(Caption-style text data)
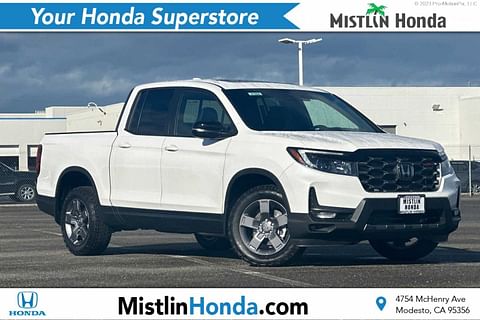 1 image of 2024 Honda Ridgeline TrailSport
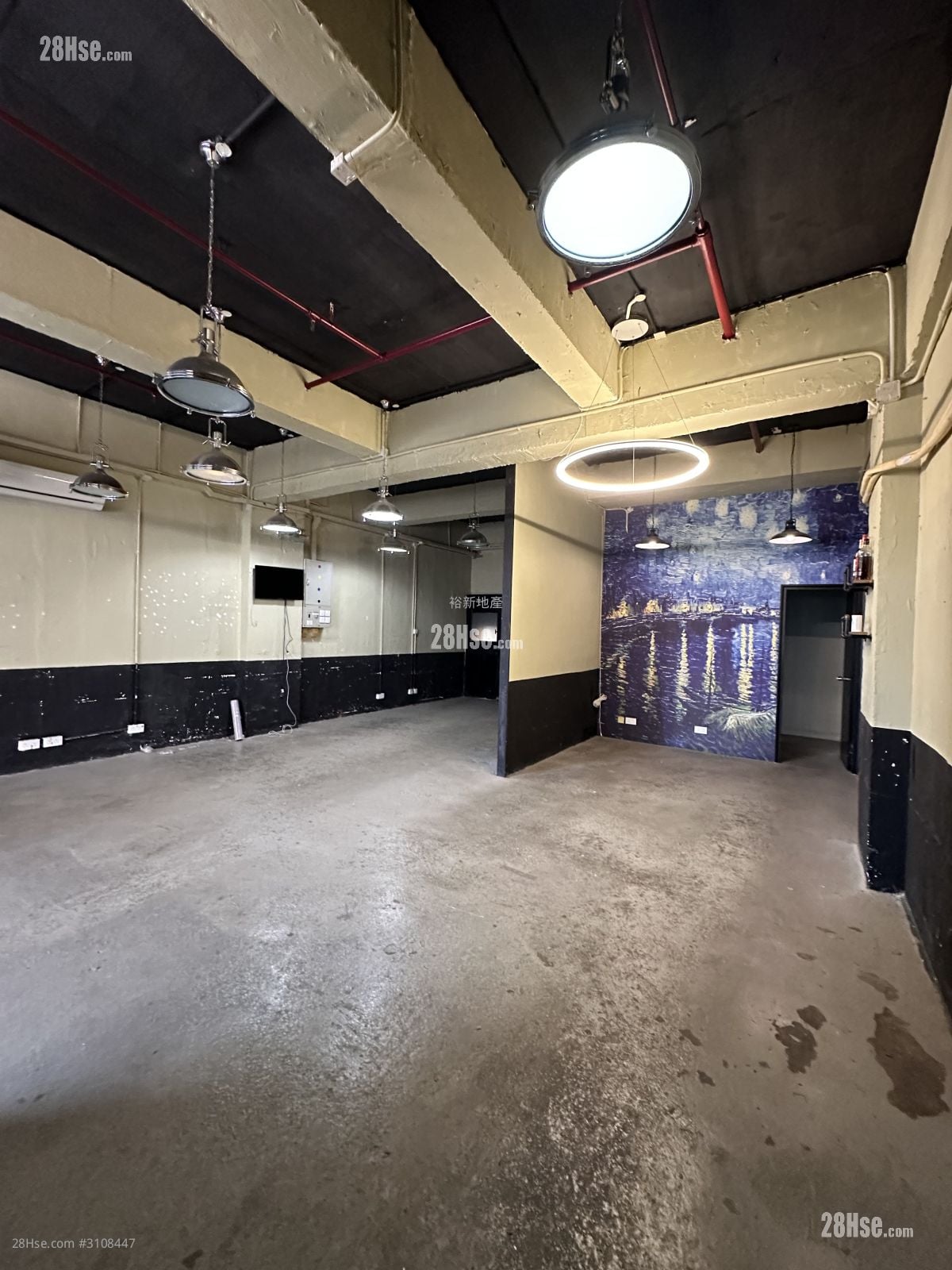 华达工业中心 租盘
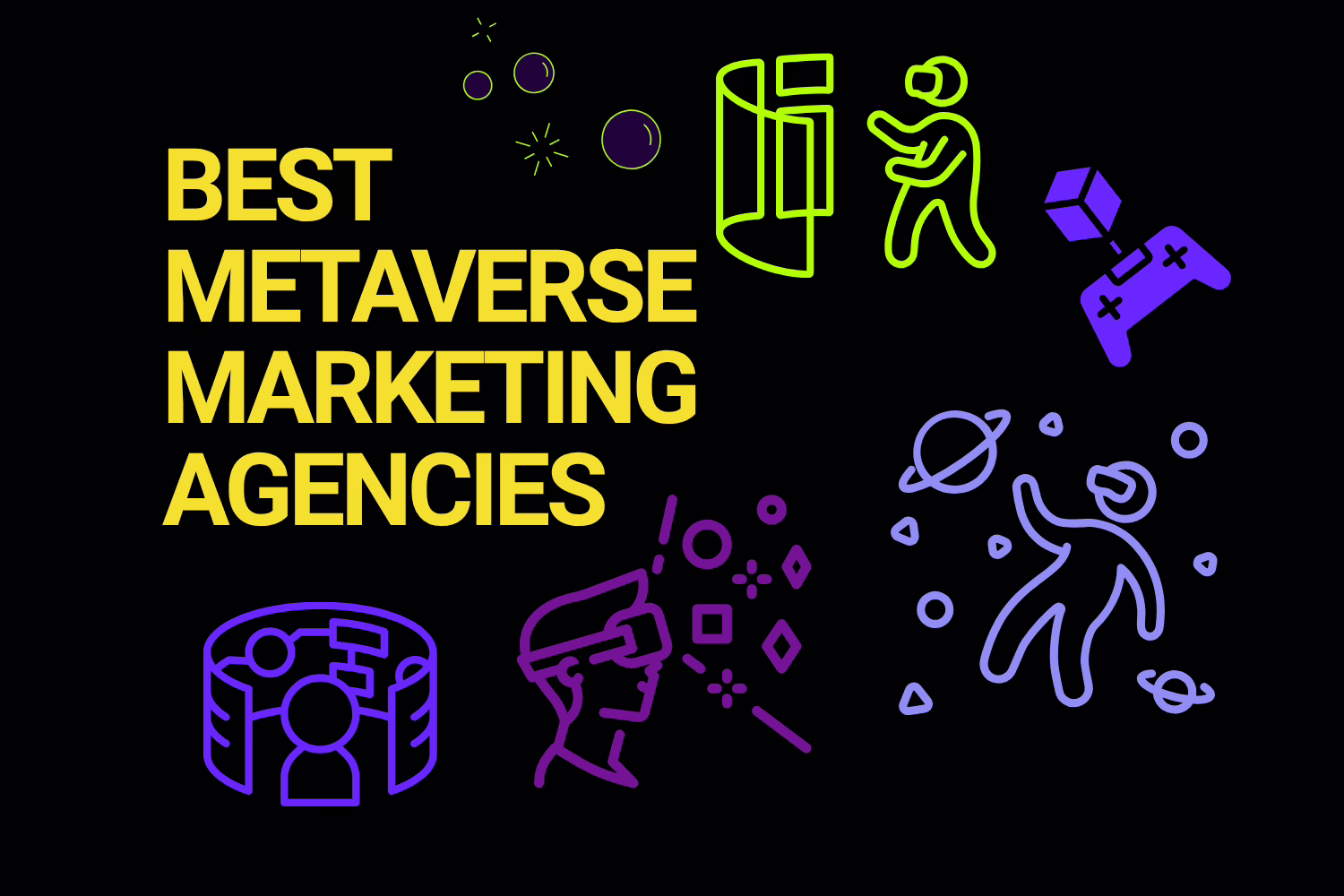 Best Metaverse Marketing Agencies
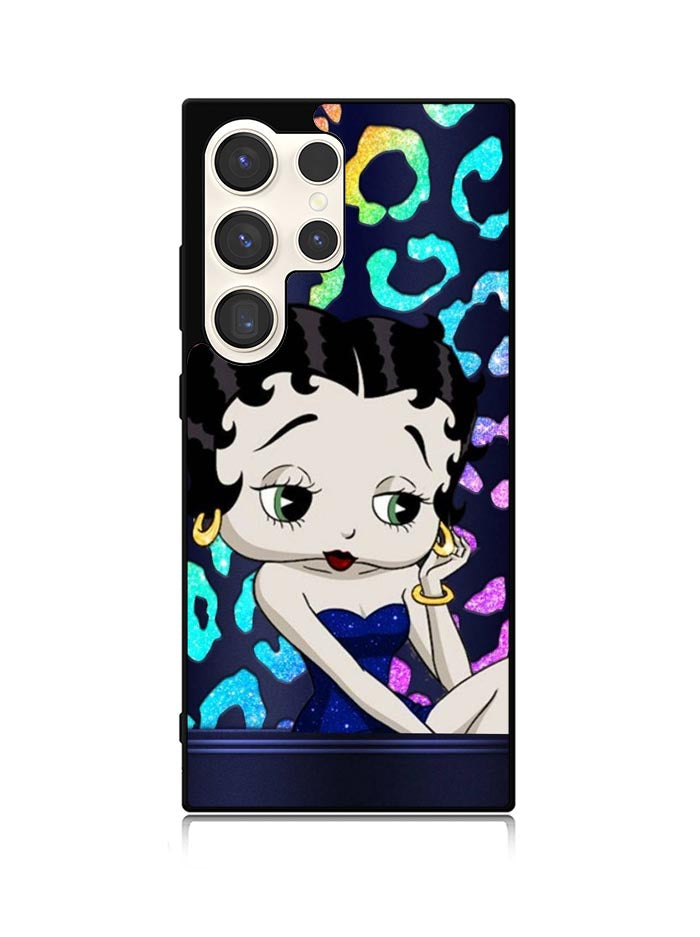 Betty Boop 7th Samsung Galaxy S25 Ultra 5G Case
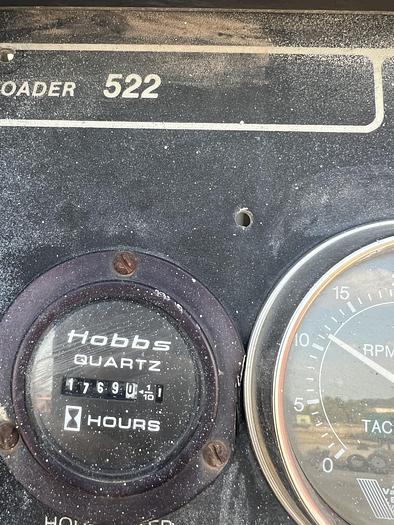 Used VECTOR VECLOADER 522 HEPA VACUUM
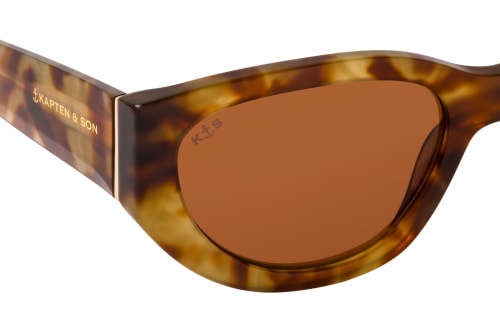 Kapten & Son Lyon Havanna Tortoise Brown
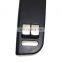 Black color 2 buttons doors Master Window Switch Trim Bezel OEM 3B1867171D Fit  FOR VW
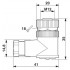 Разъем - SACC-M12FR-4CON-PG7-M - 1681143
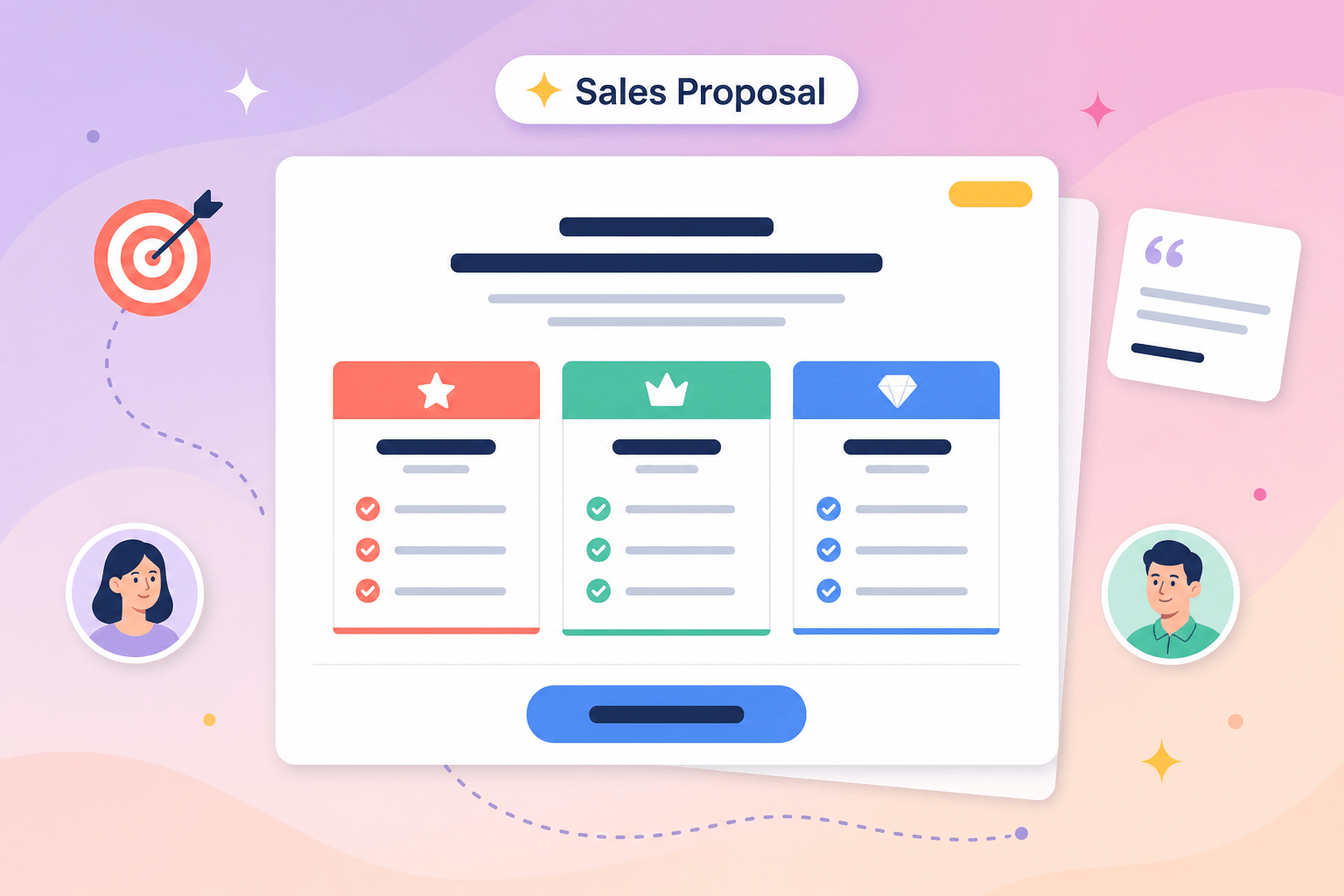 Sales & Client Decks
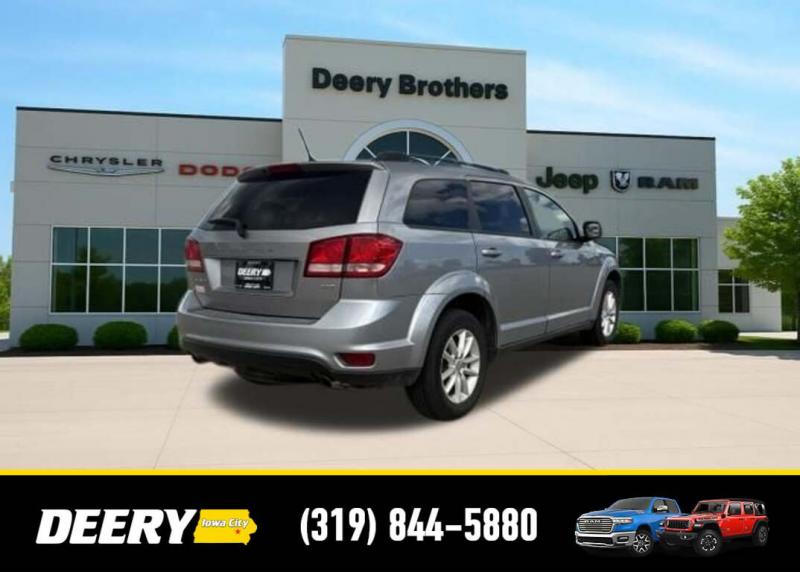 2017 Dodge Journey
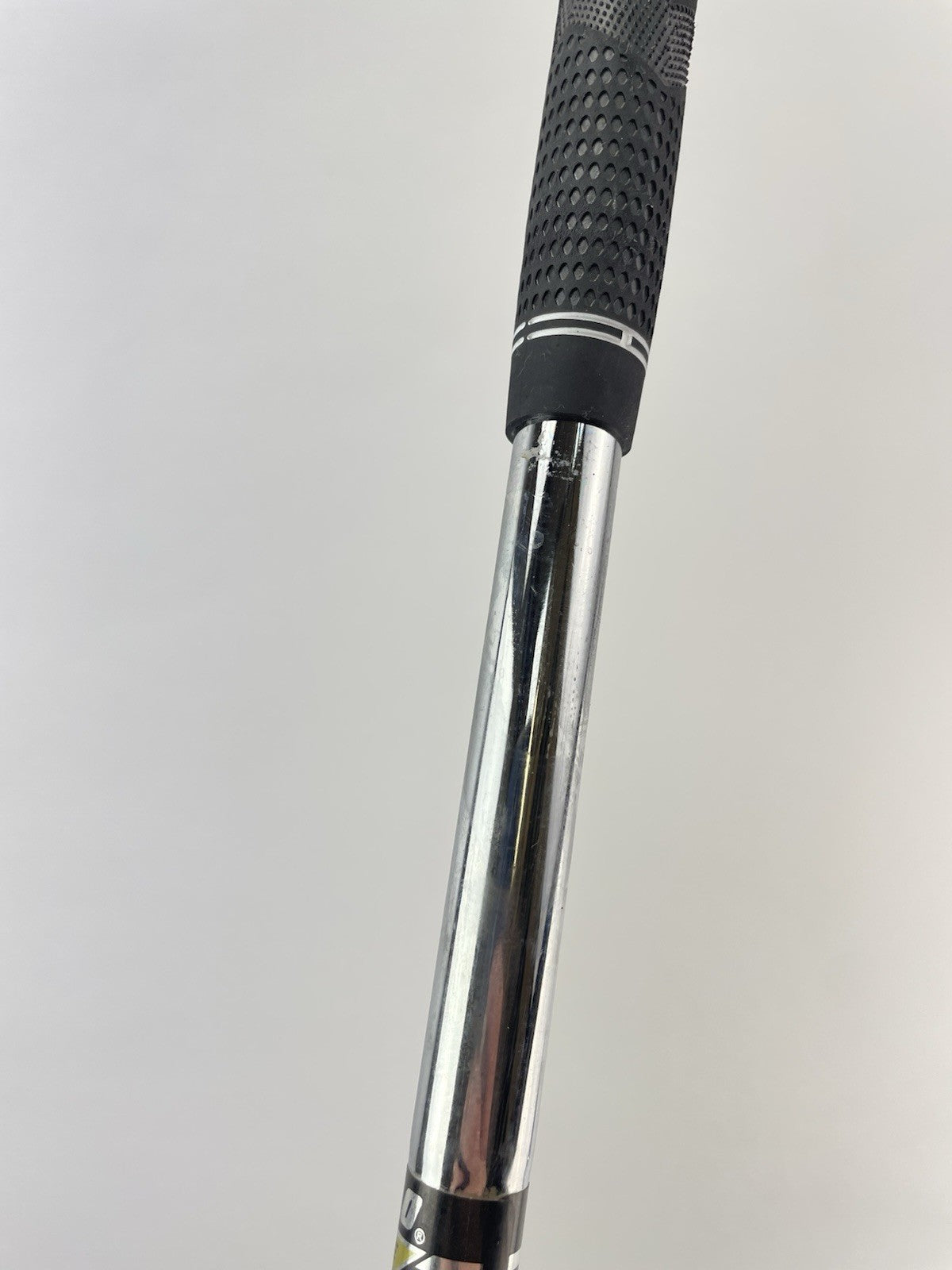 Wishon Golf Gap Wedge 50* Stiff Flex Steel /Right Hand /New Grip /+1 1/2” /2748914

= Work item =
Repeat all of the entries word for word, but omit the pictures.

= Answer below =
 1 image of 2024 Honda Ridgeline TrailSport
 华达工业中心 租盘
 Best Metaverse Marketing Agencies
 Betty Boop 7th Samsung Galaxy S25 Ultra 5G Case
 Used VECTOR VECLOADER 522 HEPA VACUUM
 Kapten & Son Lyon Havanna Tortoise Brown
 Black color 2 buttons doors Master Window Switch Trim Bezel OEM 3B1867171D Fit  FOR VW
 Разъем - SACC-M12FR-4CON-PG7-M - 1681143
 Sales & Client Decks
 2017 Dodge Journey
 Wishon Golf Gap Wedge 50* Stiff Flex Steel /Right Hand /New Grip /+1 1/2” /2748914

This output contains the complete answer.